Seriously simple VMM design I came up yesterday
Posted: Tue May 09, 2006 4:52 am
First of all, sorry for the seriously long post (the long poster is back, please panic). I hope that the text is relatively easy to read though.
Ok, this thing assumes there's some IPC facility, because it's going to be built on top of microkernel, but same thing could be used for macrokernels, in which case the whole thing would be even more simple.

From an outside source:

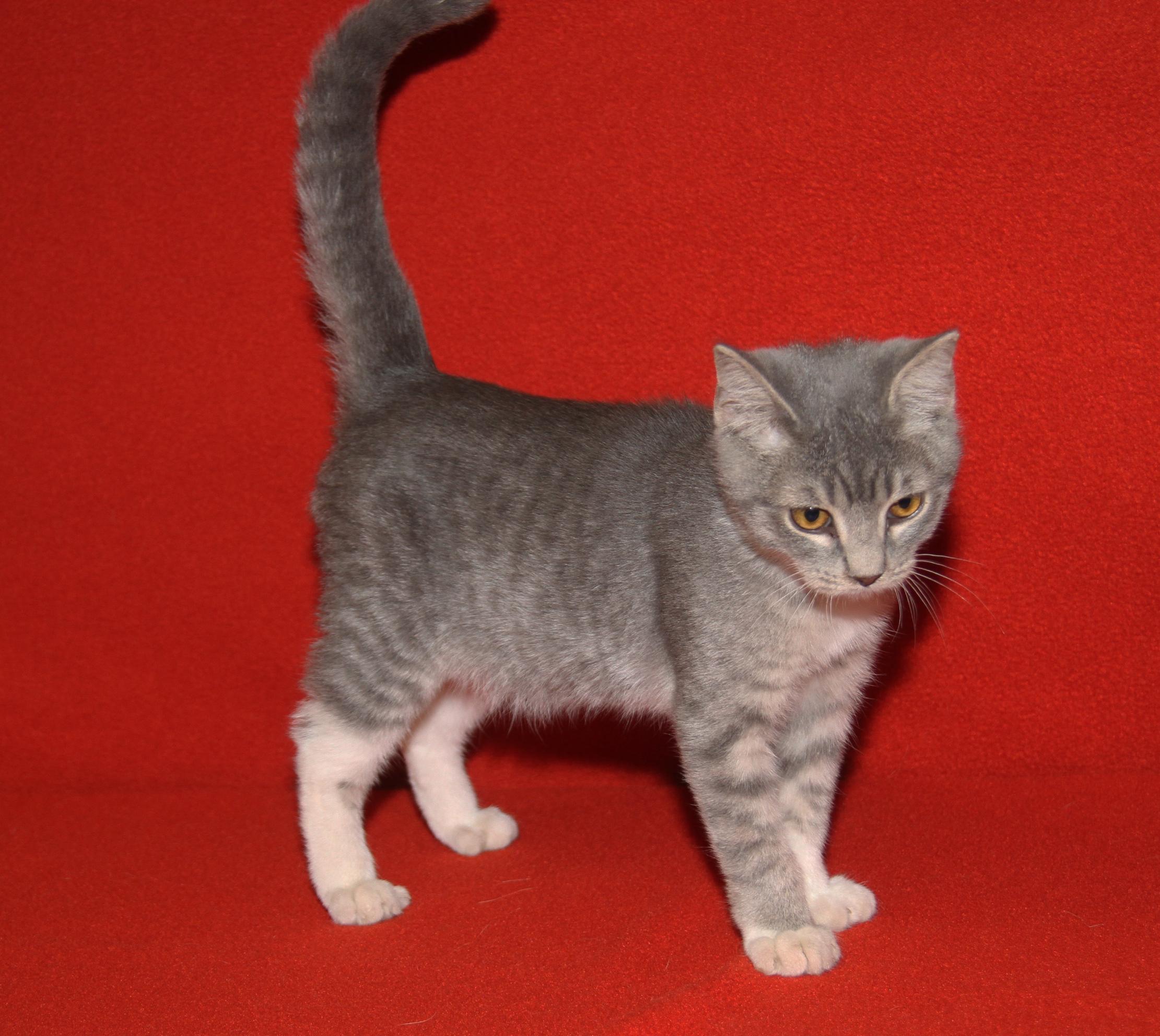 Bubble (Ragatha's Kitten) (Neutered) (Photos 11/21/2025) (@WeLovPets)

I'm going to implement this hopefully today, but thought I'd throw it here, so people can review if it has some stupid flaws.
Terminology I gonna use:
- frame: about 4k chunk of physical memory
- page: about 4k chunk of virtual memory
- object:, something that can be sent messages
- (page)directory: "hardware" table from virtual to physical
Design is (basicly) this:
1. There's big array with one entry per frame. Each entry has a map_count and an object*.
2. Each "present" directory entry points to a frame. Obviously.
Each "not present" directory entry contains an object*.
3. The magical object is the ethernal representation of a page. This object knows if the page is resident on some frame. It also knows how many times the page is mapped. Finally, it knows whether the resident page is dirty, and knows where it has backing store.
So starting from virtual address, we have either pointer to object, or a frame number, and the object knows how to give us a frame with the page, and the frame array tells us what page is on a given frame.
The object knows how many times it's mapped (that is, virtual mappings) and a frame knows how many time it's mapped (that is physical mapping). There's no way to figure out WHERE a given page (or frame) is mapped, though.
So there's a clock-collector, which has access to a process list, where processes are popped to top of list each time they either visit a CPU, or they have been scanned. The clock then just scans through the page directories one process at a time, starting from the process that's on the bottom of the list (that is, longest time not run and not scanned).
For each accessed page, just reset access.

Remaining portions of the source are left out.